Mixing in flows past confined microfluidic cylinders: Effects of pin and fluid interface offsetting

Abstract

Inserting obstacles such as cylindrical pins in a micromixer has the potential to significantly enhance scalar transport and improve species mixing between two co-flowing streams. However, it remains unclear how the mixing efficiency in confined microchannel flows is affected by the positioning of the fluid interface and the cylindrical pin with respect to the wall or to each other. The present work investigates the mixing induced by a single cylindrical pin placed at different gap distances from the wall of a Y-type micromixer. Two fluid interface positions are considered by mixing the fluid streams at different ratios; one located at the channel centreline and one shifted towards one of the walls. Micro particle image velocimetry (μPIV) is applied to investigate the velocity fields and streamline patterns for the different pin locations, and micro laser-induced fluorescence (μLIF) to acquire the instantaneous concentration fields and assess the mixing performance, utilising the intensity of segregation technique.

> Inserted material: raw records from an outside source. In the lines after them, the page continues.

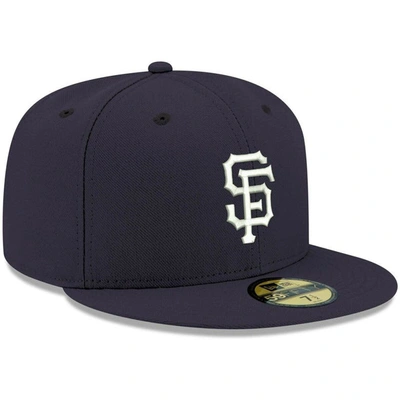 Shop New Era Navy San Francisco Giants White Logo 59fifty Fitted Hat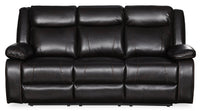  Sofa inclinable Nola de 77,95 po en tissu d’apparence cuir noir mûre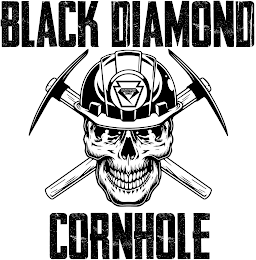 BLACK DIAMOND CORNHOLE BLACK DIAMOND CORNHOLE logo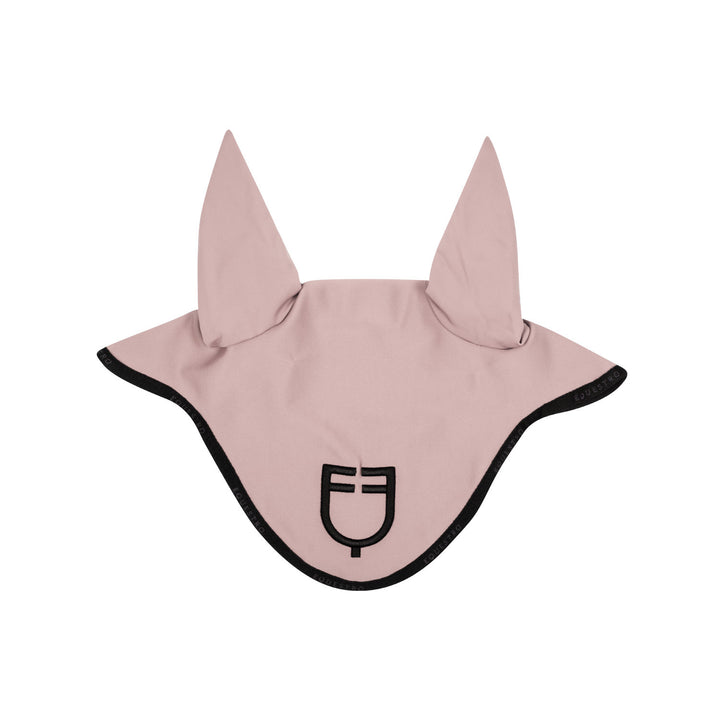 Fly veil in technical fabric with logo CAMEO ROSE (14-1310)/BLACK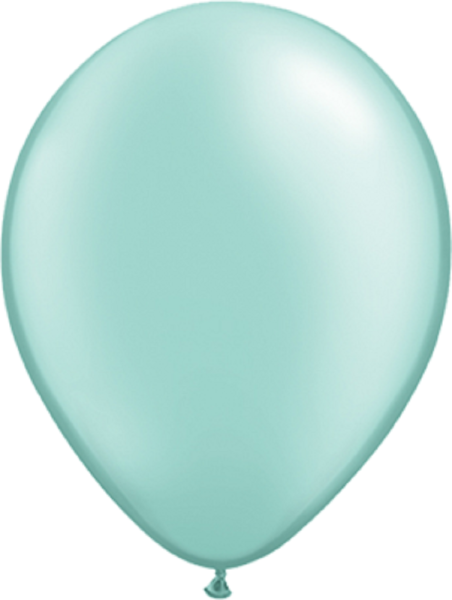 Qualatex Pearl Mint Green (Grün) 40cm 16" Latex Luftballons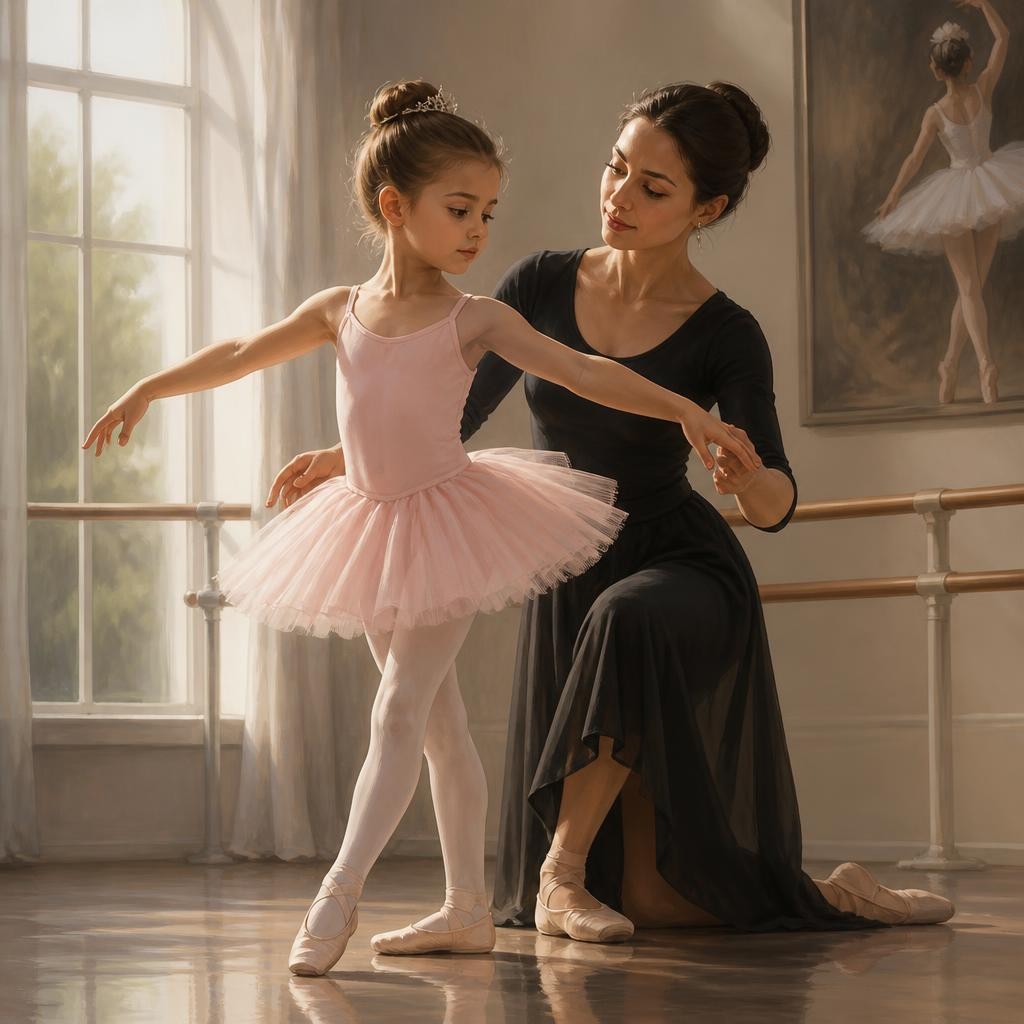 Illustration for the English word “ballet”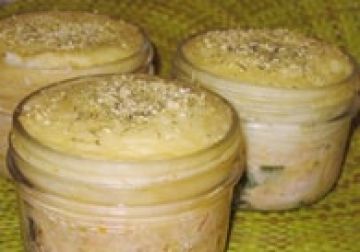 Hachis de saumon aux petits légumes Hachis de saumon aux petits légumes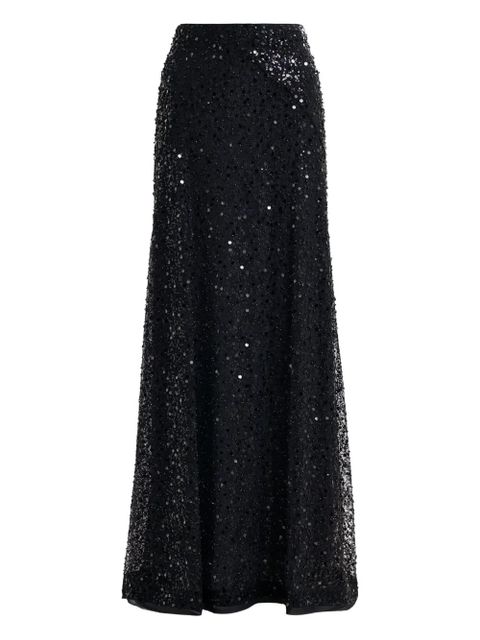 Essentiel Antwerp Isequins sequin beaded maxi skirt - Black - zdjęcie produktu nr 1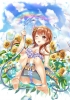 Nisekoi : Tachibana Marika 183715
barefoot bikini blush brown eyes hair flower long rainbow sky smile tongue water float wink   anime picture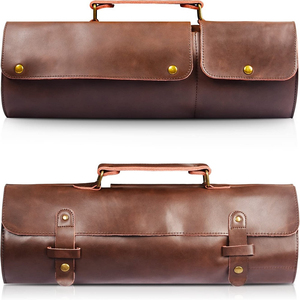 Sac de rangement pour couteaux en cuir de qualité supérieure avec un design durable pour les outils de cuisine, options personnalisables, haute qualité, organisation sécurisée des outils - Product Image 1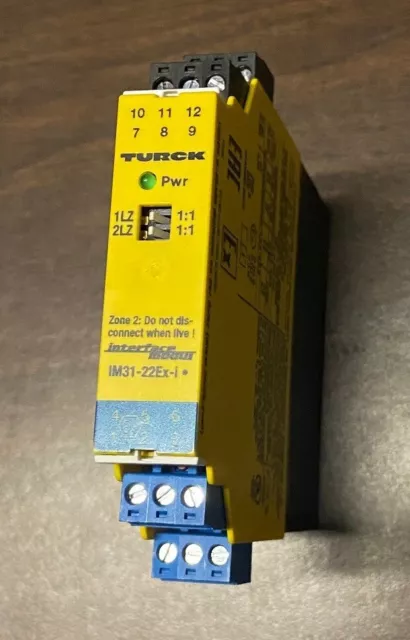 TURCK IM31-22EX-I 2 Channel Analogue Signal Transmitter with Analogue Output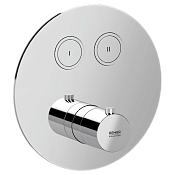 Remer X Style Термостат для ванны встраиваемый, 2 потребителя, внешняя часть, цвет: cromo X99D2KB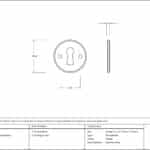 Pewter Regency Escutcheon 2
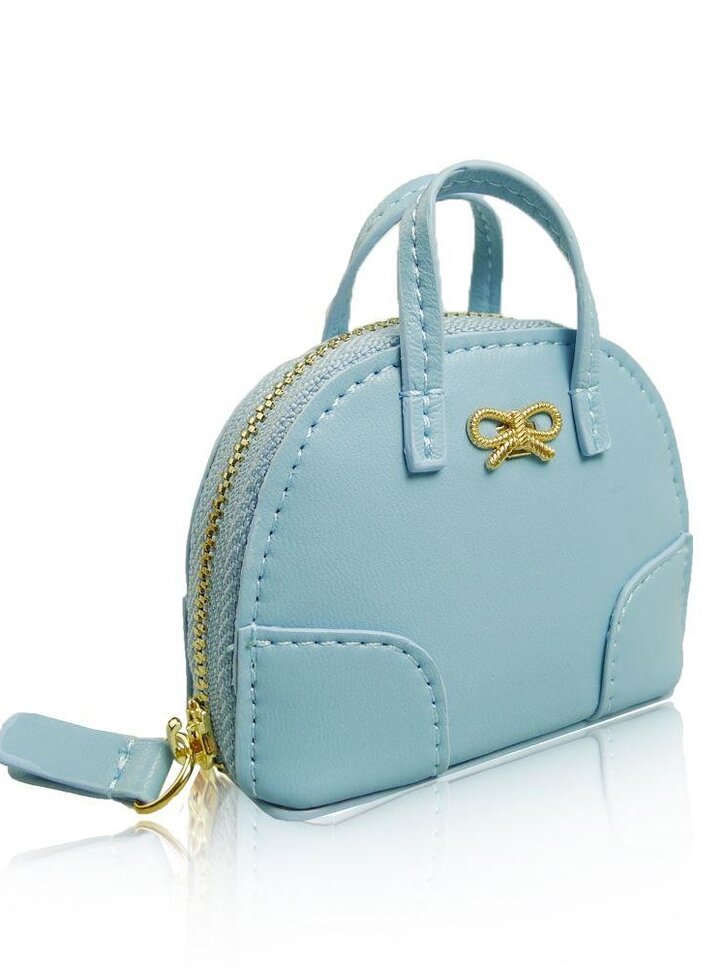 Pre dokonalý a originálny outfit Peňaženka mincovník Modrá minikabelka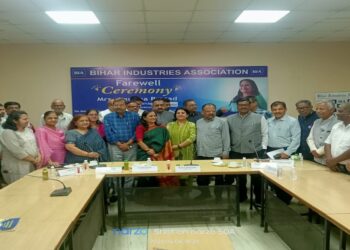 SIDBI General Manager Anubha Prasad Felicitated At Farewell Event In Patna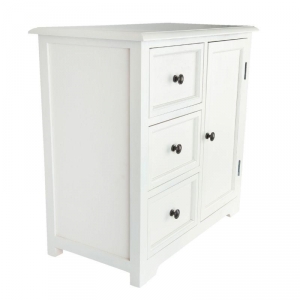 Bílá dřevěná skříňka 59x32x57cm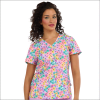 POLERA CLINICA MUJER ESTAMPADA ZAVATE 1054 FNFL1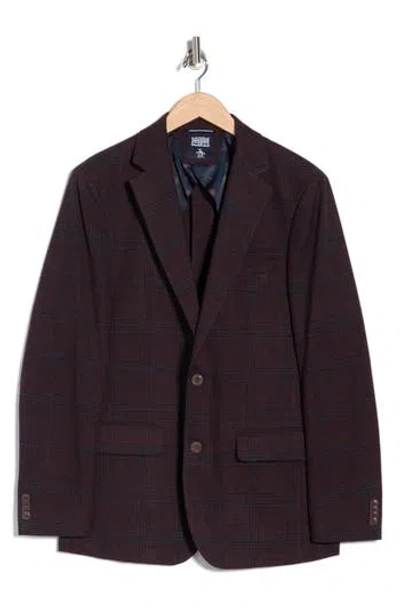 Original Penguin Plaid Notch Lapel Sport Coat In Animal Print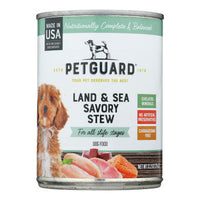 Petguard - Adlt Dog Lnd&sea Sav Stew - Case of 12 - 13.2 OZ-Dog-Petguard-PetPhenom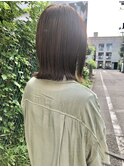 肩ラインのパツっとボブ/切りっぱなしボブ【綾瀬/北千住/亀有】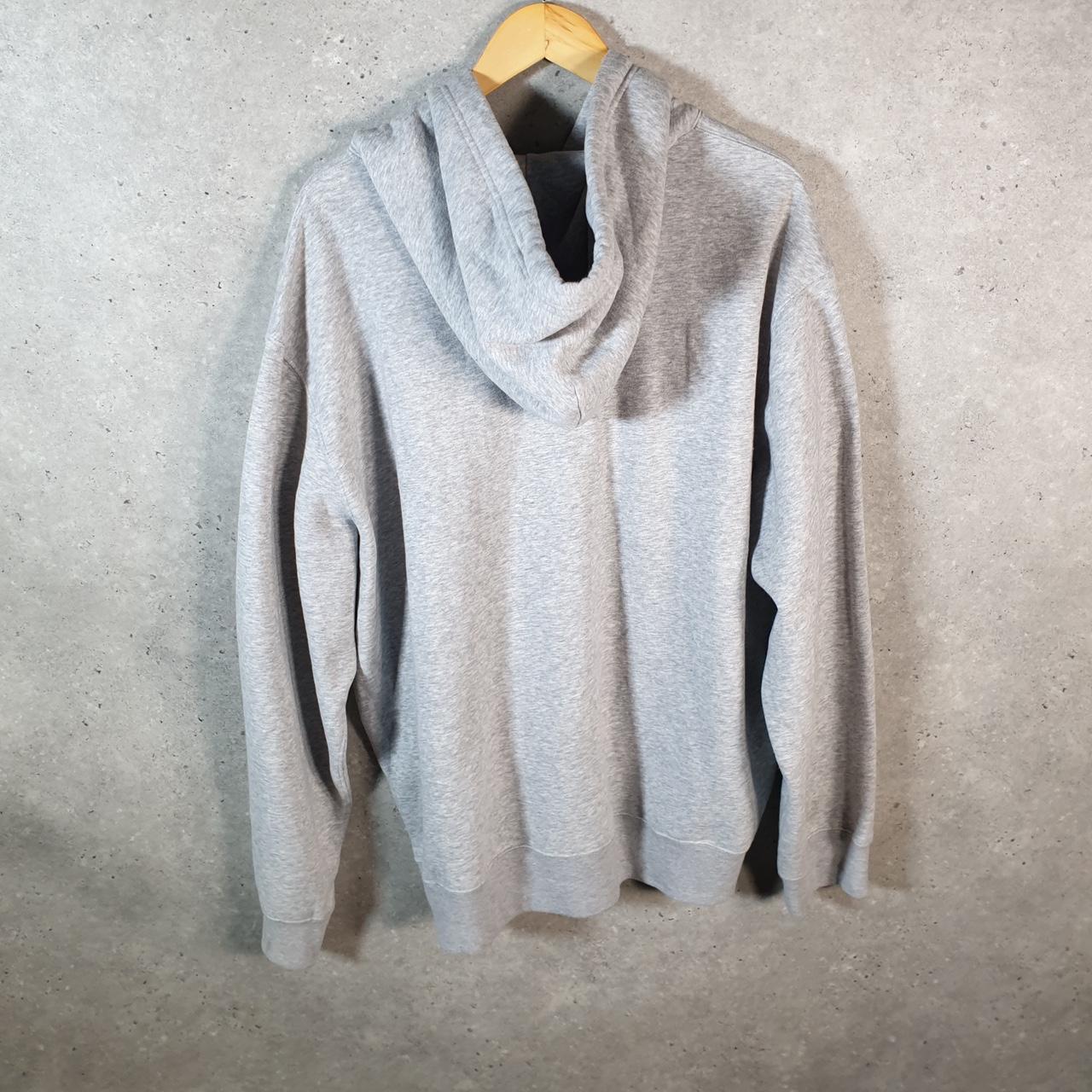 Vintage Ralph Lauren Polo Bear Hoodie Men’s 2XL Grey Cotton Full Zip Pony Big Fish Vintage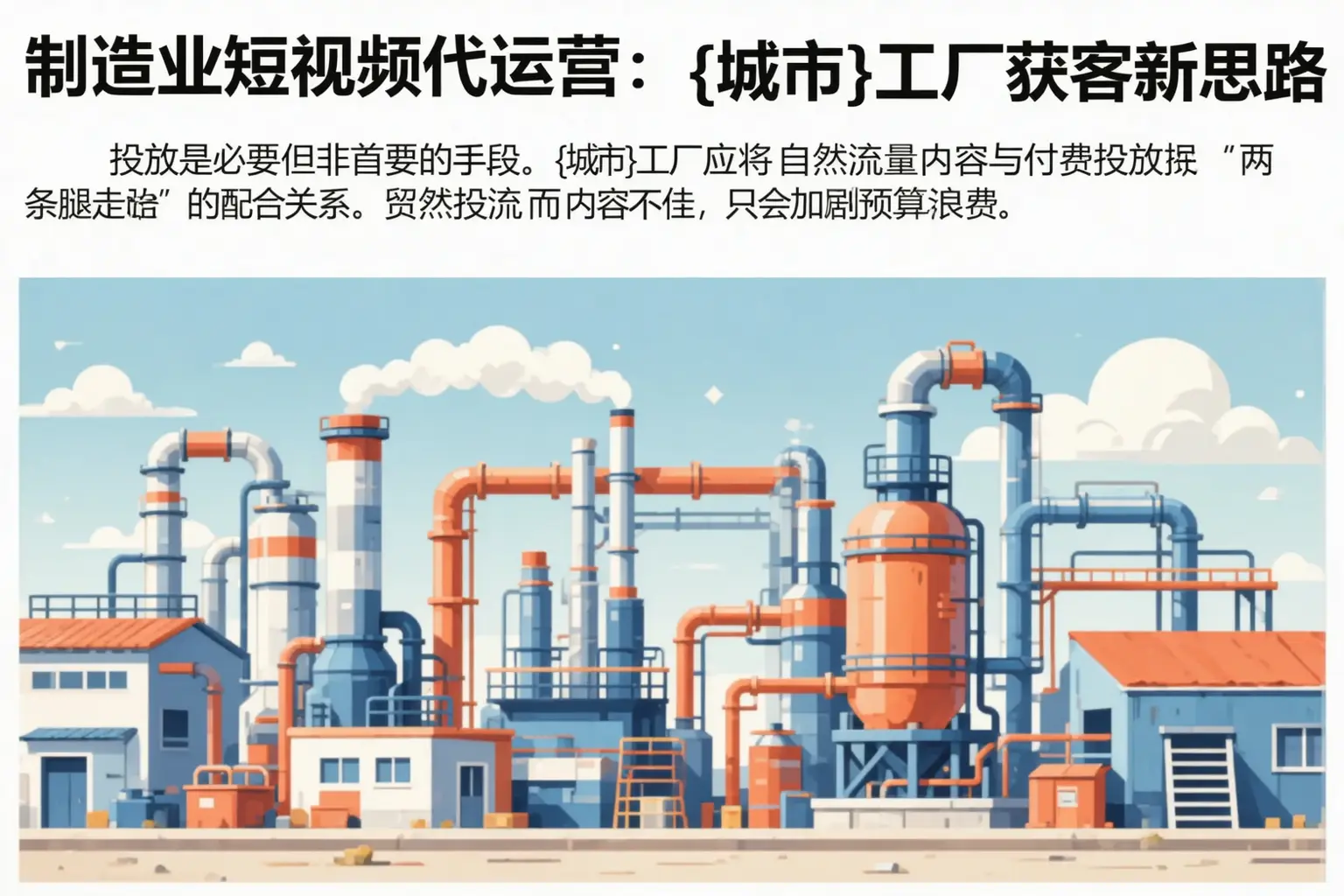 制造业短视频代运营:晋江工厂获客新思路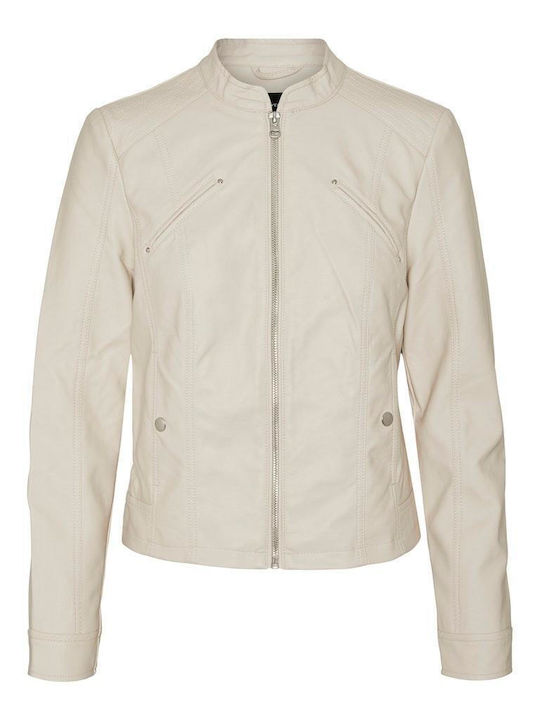 Favodona Jachetă de femei Biker Jacket Fulgi de ovăz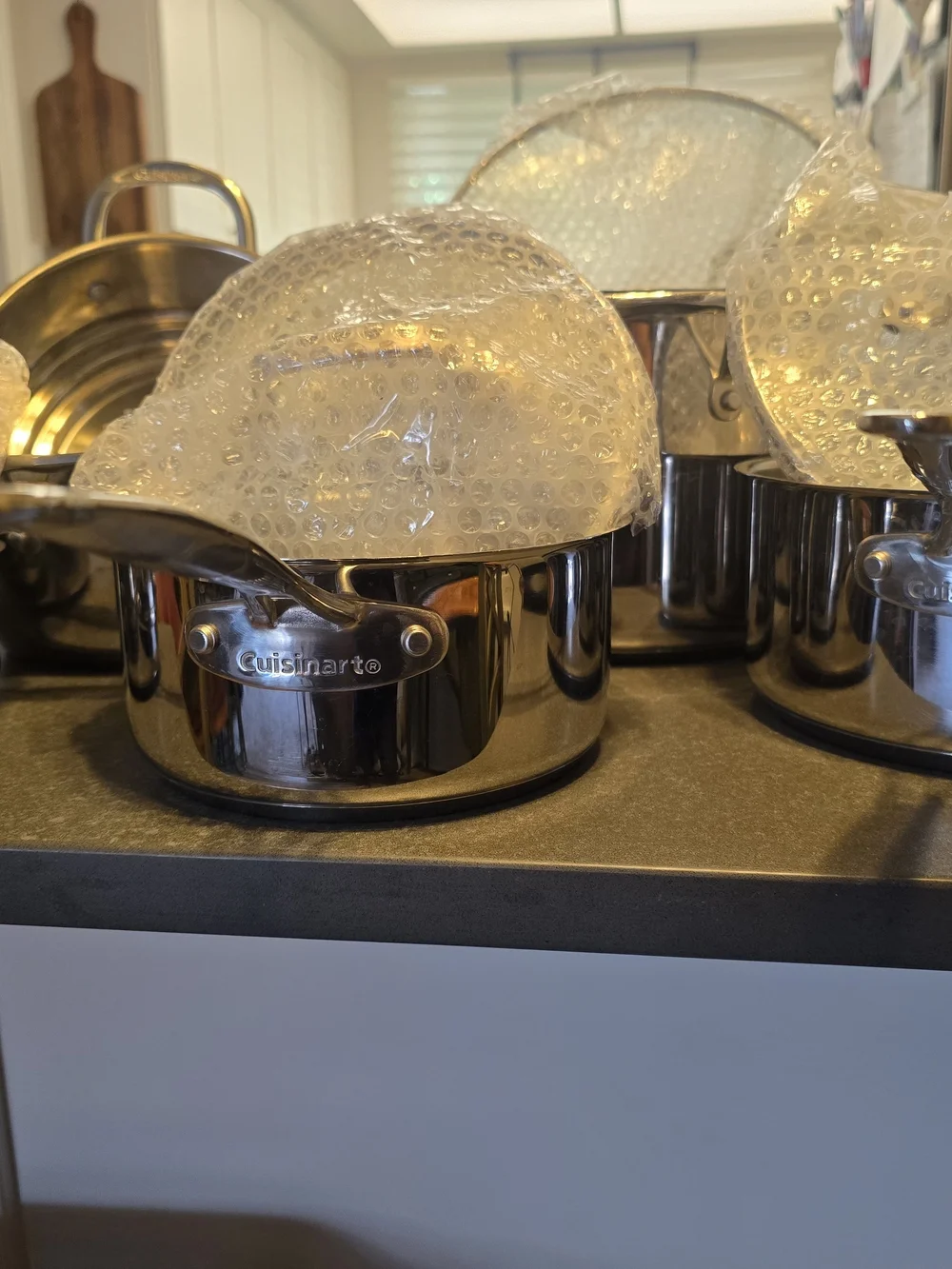 Cuisinart Stainless Steel Saucepan and Skillet Set - Silver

Prior to the onset of vortex-shedding and when the fluid interface coincides with the channel centreline, slightly offsetting the pin from the centreline is found to yield the best mixing performance compared to centreline or near wall pin locations. However, when vortex-shedding is present, a centreline pin location exhibits the best mixing performance. The present measurements indicate that single micropins can enhance mixing, even in the absence of vortex-shedding, and when vortex-shedding occurs, they are most efficient when the pin axis and fluid interface are aligned.